С тех пор, как к изучению фактов всемирной истории стали подходить с тем сознанием, что жизнь человеческая развивается закономерно, подчинена вечным и неизменным отношениям и правилам, – с тех пор идеалом историка стало раскрытие этих постоянных законов и отношений. За простым анализом исторических явлений, имевших целью указать их причинную последовательность, открылось более широкое поле – исторический синтез, имеющий цель воссоздать общий ход всемирной истории в ее целом, указать в ее течении такие законы последовательности развития, которые были бы оправданы не только в прошлом, но и в будущем человечества.
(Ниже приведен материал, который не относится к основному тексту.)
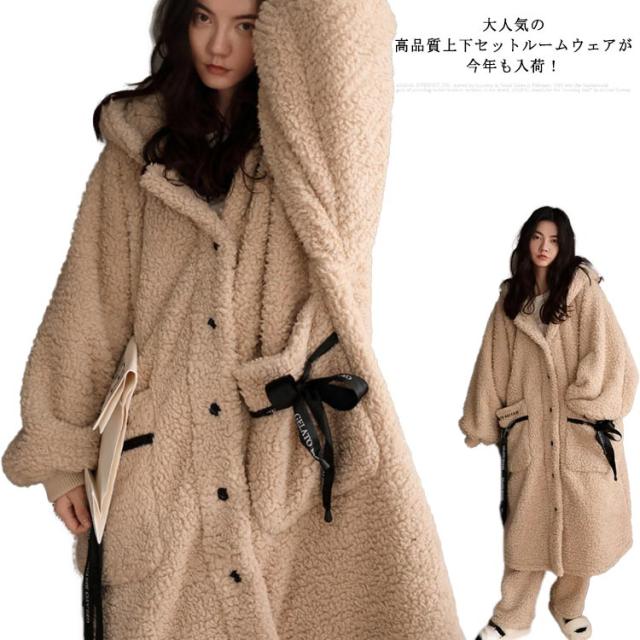 新品高品質上下セット! パジャマ 上下セット 冬 ルームウェア もこもこ 着る毛布 レディース 可愛い フード付き 長袖 バスローブ 部屋着 レディース アウター コート モコモコ ふわもこ 大きいサイズ 春 秋 冬 前開き 厚手 長ズボン 上下 かわいい 冬用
Георг Вильгельм Фридрих Гегель
Герард Фридрих Миллер
Этим широким идеалом не может непосредственно руководиться русский историк. Он изучает только один факт мировой исторической жизни – жизнь своей национальности. Состояние русской историографии до сих пор таково, что иногда налагает на русского историка обязанность просто собирать факты и давать им первоначальную научную обработку. И только там, где факты уже собраны и освещены, мы можем возвыситься до некоторых исторических обобщений, можем подметить общий ход того или другого исторического процесса, можем даже на основании ряда частных обобщений сделать смелую попытку – дать схематическое изображение той последовательности, в какой развивались основные факты нашей исторической жизни. Но далее такой общей схемы русский историк идти не может, не выходя из границ своей науки. Для того чтобы понять сущность и значение того или другого факта в истории Руси, он может искать аналогии в истории всеобщей; добытыми результатами он может служить историку всеобщему, положить и свой камень в основание общеисторического синтеза. Но этим и ограничивается его связь с общей историей и влияние на нее. Конечной целью русской историографии всегда остается построение системы местного исторического процесса.
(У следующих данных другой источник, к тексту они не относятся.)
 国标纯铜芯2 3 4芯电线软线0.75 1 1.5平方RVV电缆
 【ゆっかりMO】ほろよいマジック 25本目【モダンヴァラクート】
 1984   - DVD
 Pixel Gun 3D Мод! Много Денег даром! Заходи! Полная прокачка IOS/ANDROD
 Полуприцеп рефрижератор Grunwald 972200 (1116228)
Построением этой системы разрешается и другая, более практическая задача, лежащая на русском историке. Известно старинное убеждение, что национальная история есть путь к национальному самосознанию. Действительно, знание прошлого помогает понять настоящее и объясняет задачи будущего. Народ, знакомый со своею историей, живет сознательно, чуток к окружающей его действительности и умеет понимать ее. Задача, в данном случае можно выразиться – долг национальной историографии, заключается в том, чтобы показать обществу его прошлое в истинном свете. При этом нет нужды вносить в историографию какие бы то ни было предвзятые точки зрения; субъективная идея не есть идея научная, а только научный труд может быть полезен общественному самосознанию. Оставаясь в сфере строго научной, выделяя те господствующие начала общественного быта, которые характеризовали собою различные стадии русской исторической жизни, исследователь раскроет обществу главнейшие моменты его исторического бытия и этим достигнет своей цели. Он даст обществу разумное знание, а приложение этого знания зависит уже не от него.
Так, и отвлеченные соображения и практические цели ставят русской исторической науке одинаковую задачу – систематическое изображение русской исторической жизни, общую схему того исторического процесса, который привел нашу национальность к ее настоящему состоянию.